■ **Prompt**:
The lines to be extracted begin at the line containing "HubCap Performance Replacement" and end at the last line of the data below; copy them exactly and leave out the pictures.

■ **Recorded information**:
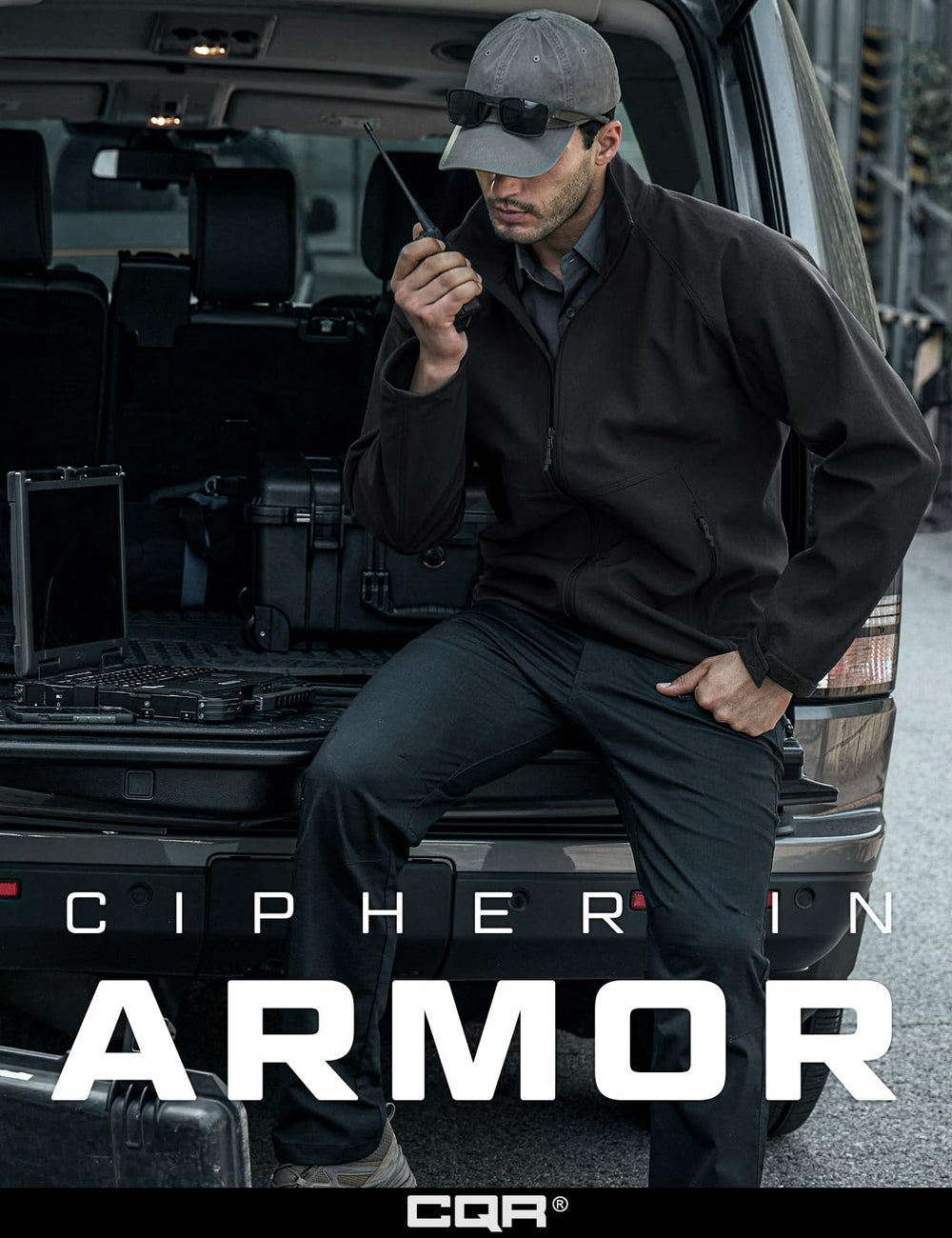 CQR men's tactical softshell jacket fleece lining close-up emphasizing warmth.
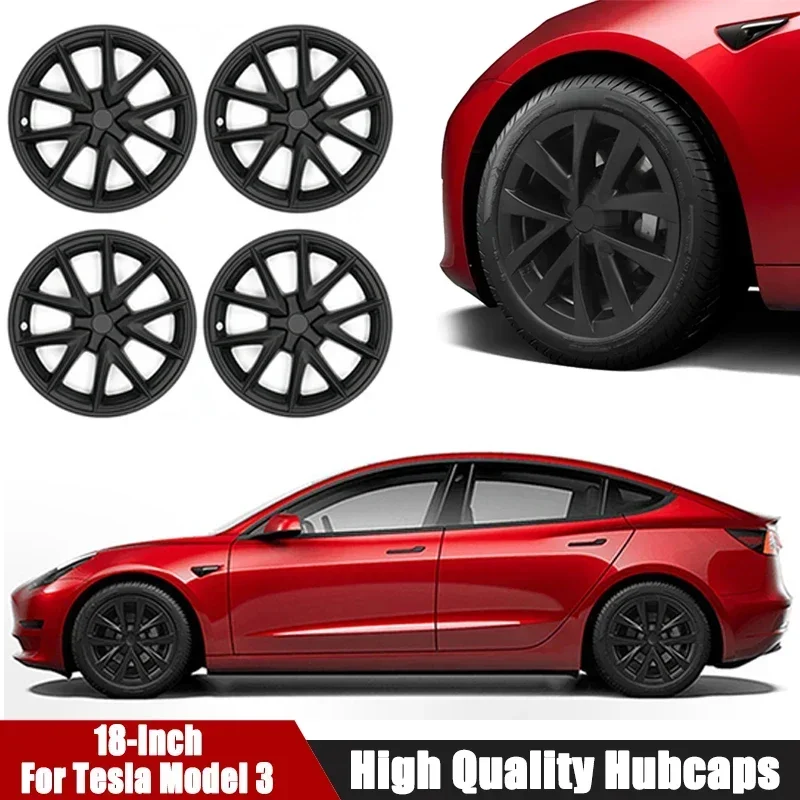HubCap Performance Replacement for Tesla Model 3 Wheel Cover 18Inch Automobile Hub Cap Full Rim Cover Accessories 4PCS Wheel Hub Covers Wheel Hub Caps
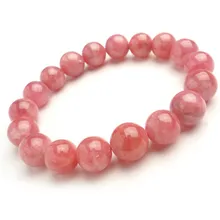 11mm Genuine Natural Rhodochrosite Gems Stone Pink Rose Loose Round Bead Fashion Women Femme Love Charm Bracelet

■ **Task solution**:
HubCap Performance Replacement for Tesla Model 3 Wheel Cover 18Inch Automobile Hub Cap Full Rim Cover Accessories 4PCS Wheel Hub Covers Wheel Hub Caps
 11mm Genuine Natural Rhodochrosite Gems Stone Pink Rose Loose Round Bead Fashion Women Femme Love Charm Bracelet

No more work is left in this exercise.